Joyous return for defiant farmer


Mrs Theu received an ecstatic welcome at her home village

A woman sentenced to fifteen months in prison in one of Vietnam’s most bitterly contested land disputes has been released to a tumultuous welcome after completing her sentence.

Relatives, neighbours and other farmers came out in force to greet Can Thi Theu as she returned to the beleaguered village of Duong Noi.

Some had travelled in convoy to pick her up from the release site at Thanh Hoa, about a hundred and twenty kilometres south of the capital.

Mrs Theu is from one of some three hundred families that have been in conflict with the authorities since their land was seized for development.

She was arrested during a violent confrontation on April 25 2014 when police and civilian enforcers moved in to seize their farmland.

Defiant farmers celebrate her return

Defiant farmers celebrate her return

Mrs Theu was convicted along with her husband and another farmer and sentenced to prison for “resisting persons who are performing their official duties.”

She was charged with filming the assault by police and their auxiliaries on farmers who were trying to put up resistance.

Giving thanks for her safe return

Giving thanks for her safe return

Her footage, shot from a makeshift watch tower, showed plainclothes men chasing and beating men and women through  banana plantations.

Her fifteen month sentence was the longest handed out by the court.
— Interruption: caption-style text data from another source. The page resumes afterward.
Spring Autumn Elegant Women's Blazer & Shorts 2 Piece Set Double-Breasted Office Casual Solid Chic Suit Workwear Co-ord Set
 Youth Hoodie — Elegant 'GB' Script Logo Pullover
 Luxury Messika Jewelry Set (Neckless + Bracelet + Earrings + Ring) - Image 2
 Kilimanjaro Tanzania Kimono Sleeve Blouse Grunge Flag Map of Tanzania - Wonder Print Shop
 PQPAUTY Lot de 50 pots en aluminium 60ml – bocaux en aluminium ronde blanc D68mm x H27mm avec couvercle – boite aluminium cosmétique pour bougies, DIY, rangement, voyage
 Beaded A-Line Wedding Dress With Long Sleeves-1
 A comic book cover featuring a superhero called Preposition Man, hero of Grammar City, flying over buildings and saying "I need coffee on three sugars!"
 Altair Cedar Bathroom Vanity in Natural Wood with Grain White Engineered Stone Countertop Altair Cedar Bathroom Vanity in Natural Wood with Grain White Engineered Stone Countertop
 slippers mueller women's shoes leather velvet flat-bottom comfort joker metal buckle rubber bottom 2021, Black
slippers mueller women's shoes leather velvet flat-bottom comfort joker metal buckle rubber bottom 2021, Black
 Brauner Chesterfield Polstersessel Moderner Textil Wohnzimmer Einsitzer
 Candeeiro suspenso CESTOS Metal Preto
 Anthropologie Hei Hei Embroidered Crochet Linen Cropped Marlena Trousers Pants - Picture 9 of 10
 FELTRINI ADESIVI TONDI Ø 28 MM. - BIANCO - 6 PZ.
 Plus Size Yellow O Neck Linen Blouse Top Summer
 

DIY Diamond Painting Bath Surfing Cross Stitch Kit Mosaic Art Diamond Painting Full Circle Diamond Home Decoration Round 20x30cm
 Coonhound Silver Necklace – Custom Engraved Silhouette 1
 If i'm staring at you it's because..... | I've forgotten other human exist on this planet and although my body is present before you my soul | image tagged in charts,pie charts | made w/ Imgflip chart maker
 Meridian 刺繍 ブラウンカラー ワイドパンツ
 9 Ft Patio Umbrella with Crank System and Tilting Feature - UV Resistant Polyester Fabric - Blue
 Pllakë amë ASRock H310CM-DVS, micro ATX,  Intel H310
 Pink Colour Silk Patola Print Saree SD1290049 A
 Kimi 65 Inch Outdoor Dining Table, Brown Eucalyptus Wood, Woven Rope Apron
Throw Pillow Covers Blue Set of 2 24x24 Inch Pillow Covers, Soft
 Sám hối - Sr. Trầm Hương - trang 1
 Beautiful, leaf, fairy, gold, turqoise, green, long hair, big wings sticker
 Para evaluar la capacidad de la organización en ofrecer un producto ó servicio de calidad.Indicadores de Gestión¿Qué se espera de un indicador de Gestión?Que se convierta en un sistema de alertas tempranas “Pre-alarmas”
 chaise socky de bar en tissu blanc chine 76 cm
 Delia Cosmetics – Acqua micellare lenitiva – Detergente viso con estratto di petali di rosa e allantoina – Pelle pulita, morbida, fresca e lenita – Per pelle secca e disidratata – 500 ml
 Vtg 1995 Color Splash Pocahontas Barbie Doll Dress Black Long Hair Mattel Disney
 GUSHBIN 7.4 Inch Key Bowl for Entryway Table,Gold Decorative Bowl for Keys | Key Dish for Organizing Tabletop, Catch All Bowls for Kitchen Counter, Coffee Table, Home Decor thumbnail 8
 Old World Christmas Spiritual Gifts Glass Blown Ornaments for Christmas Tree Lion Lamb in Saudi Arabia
The other two have since been released.

Her son said she appeared well and was in good spirits but will be taken to hospital for a health check on Sunday.

Farmers from Duong Noi have made numerous petitions at government buildings in Hanoi requesting that they settle the land dispute and intervene with local authorities.

They say they have been subjected to harassment and intimidation by state agents during their weekly visits to the centre of Hanoi.

The farmers have rejected what they consider an inadequate offer of compensation for their land, which will be sold to developers at a vastly higher price.

They say no provision has been made by the authorities for their livelihood or for the retraining of young people in the village.